= Extracted material =
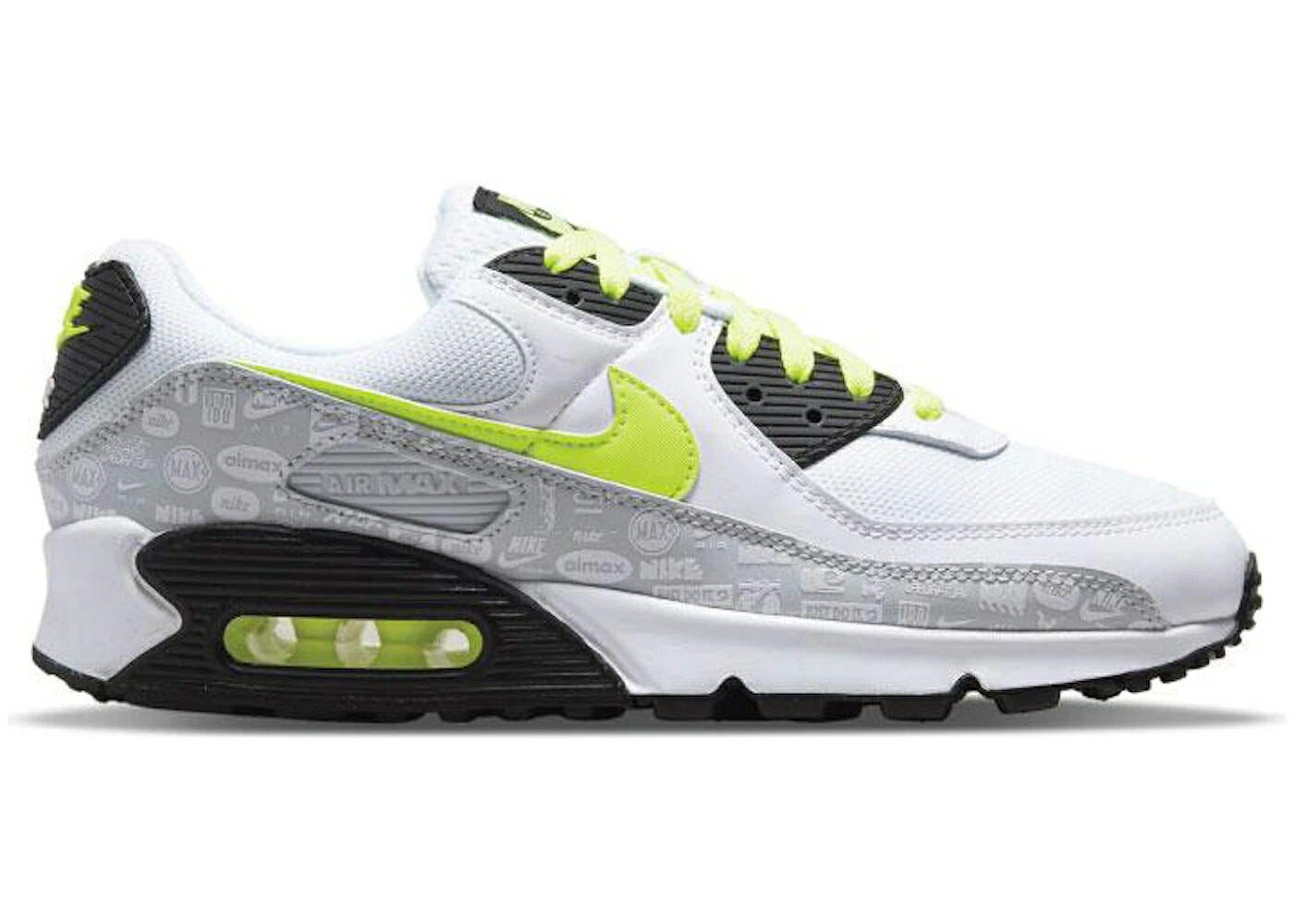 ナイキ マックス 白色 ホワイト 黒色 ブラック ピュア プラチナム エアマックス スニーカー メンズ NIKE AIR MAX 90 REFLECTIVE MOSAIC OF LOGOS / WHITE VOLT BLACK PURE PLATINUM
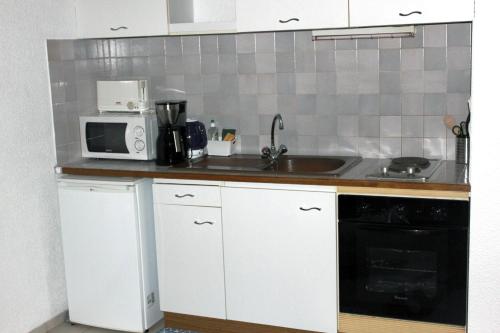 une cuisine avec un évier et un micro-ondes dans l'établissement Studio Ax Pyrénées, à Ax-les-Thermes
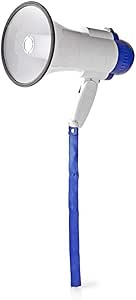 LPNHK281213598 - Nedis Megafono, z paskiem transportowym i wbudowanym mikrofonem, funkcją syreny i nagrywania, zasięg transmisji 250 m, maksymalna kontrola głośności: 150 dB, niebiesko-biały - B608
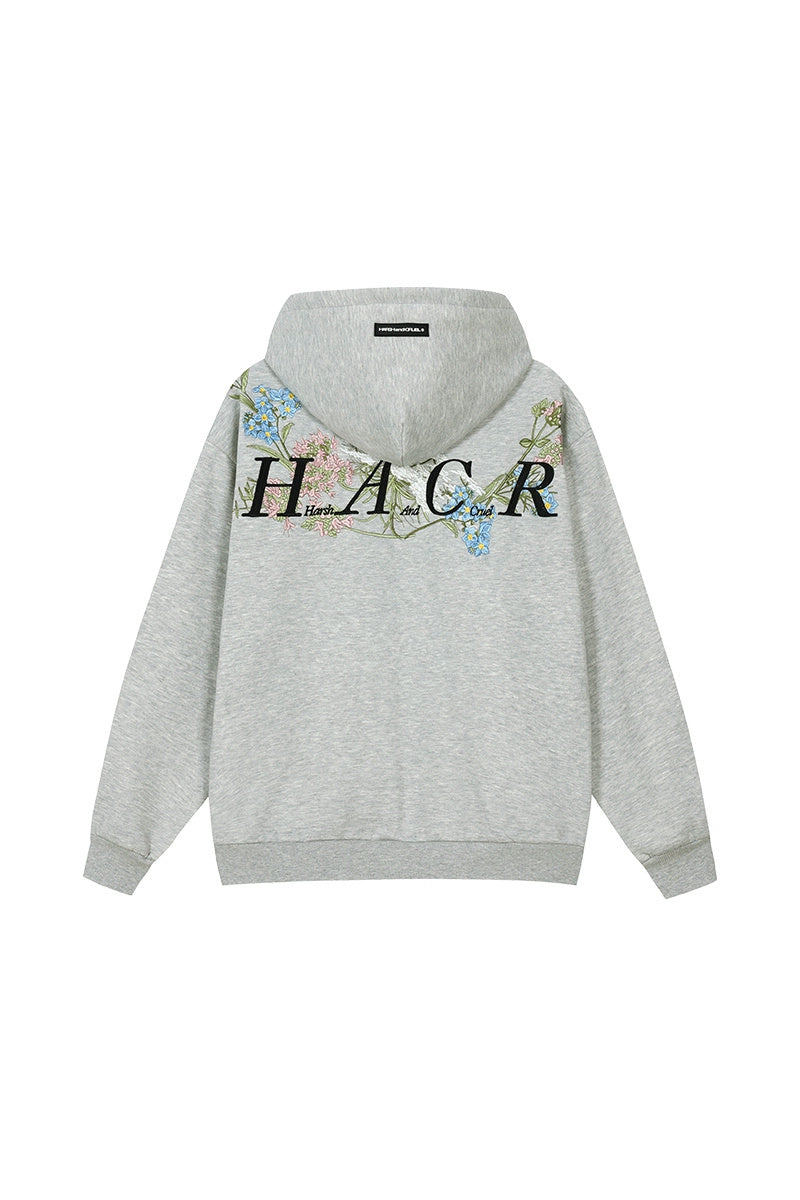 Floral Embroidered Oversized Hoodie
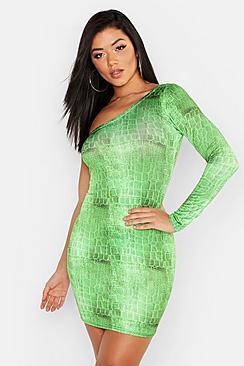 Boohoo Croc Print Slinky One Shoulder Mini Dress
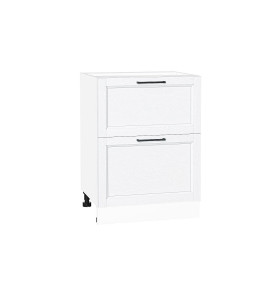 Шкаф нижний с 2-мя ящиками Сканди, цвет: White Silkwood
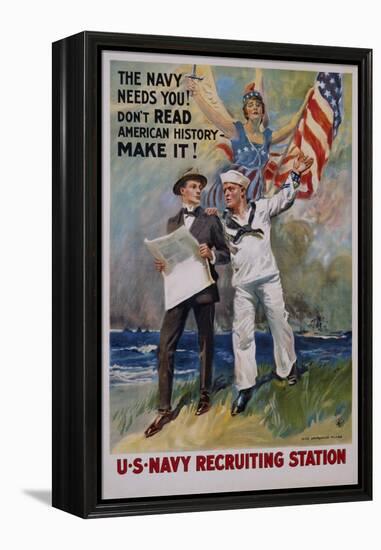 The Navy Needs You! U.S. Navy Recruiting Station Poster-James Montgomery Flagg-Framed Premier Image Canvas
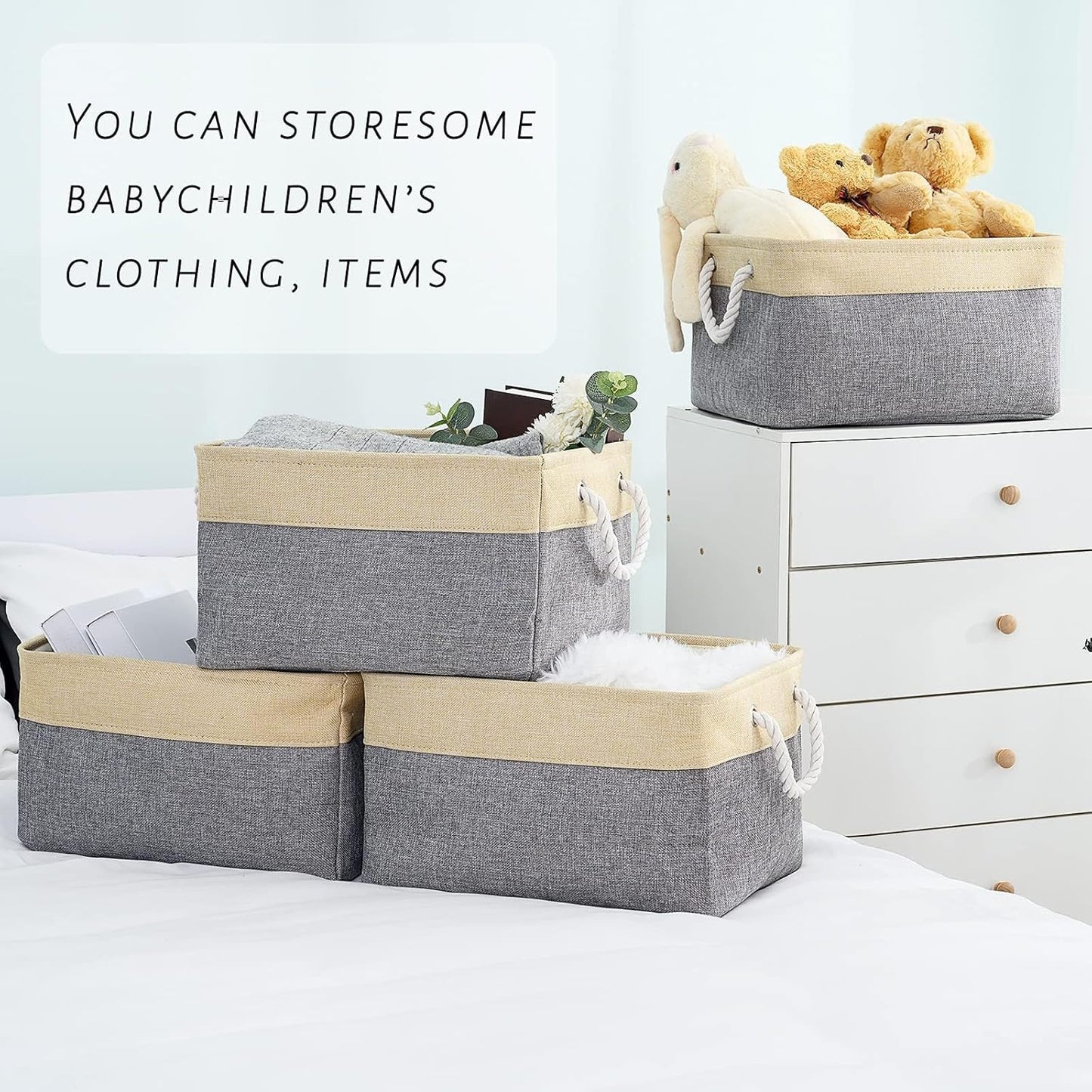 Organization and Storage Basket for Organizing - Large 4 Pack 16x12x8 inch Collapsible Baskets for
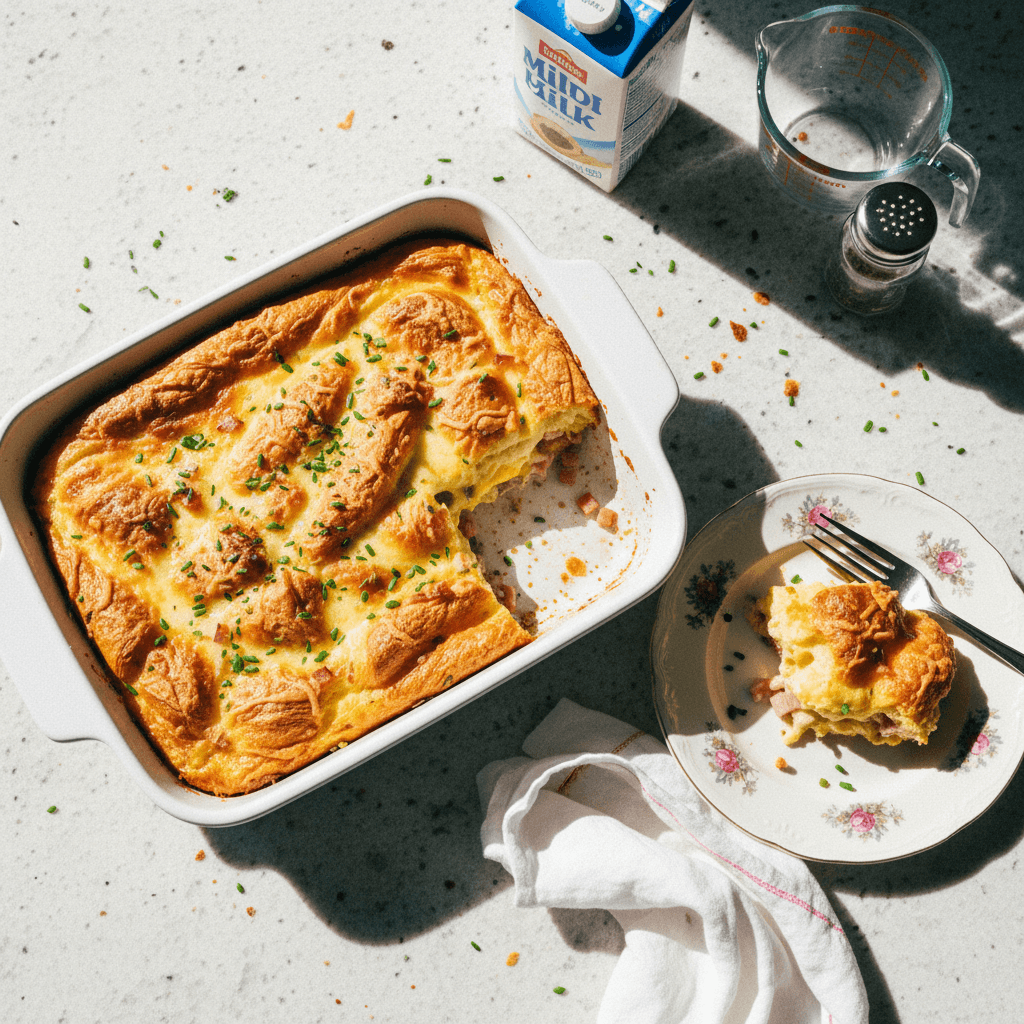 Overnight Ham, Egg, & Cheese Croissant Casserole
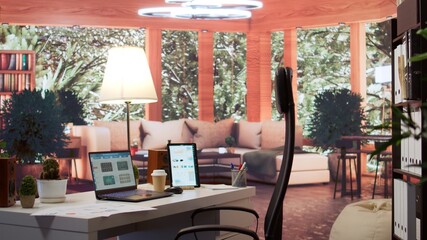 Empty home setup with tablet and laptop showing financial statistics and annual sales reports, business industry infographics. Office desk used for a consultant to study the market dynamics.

= Work to complete =
Go to the line that contains "LPNHK281213598 - Nedis" and copy it and every line after it through the end of the entries, exactly, without the pictures.

= Completed task =
 LPNHK281213598 - Nedis Megafono, z paskiem transportowym i wbudowanym mikrofonem, funkcją syreny i nagrywania, zasięg transmisji 250 m, maksymalna kontrola głośności: 150 dB, niebiesko-biały - B608
 Floral Embroidered Oversized Hoodie
 Boohoo Croc Print Slinky One Shoulder Mini Dress
 Шкаф нижний с 2-мя ящиками Сканди, цвет: White Silkwood
 The Navy Needs You! U.S. Navy Recruiting Station Poster-James Montgomery Flagg-Framed Premier Image Canvas
 Organization and Storage Basket for Organizing - Large 4 Pack 16x12x8 inch Collapsible Baskets for
 Overnight Ham, Egg, & Cheese Croissant Casserole
 Empty home setup with tablet and laptop showing financial statistics and annual sales reports, business industry infographics. Office desk used for a consultant to study the market dynamics.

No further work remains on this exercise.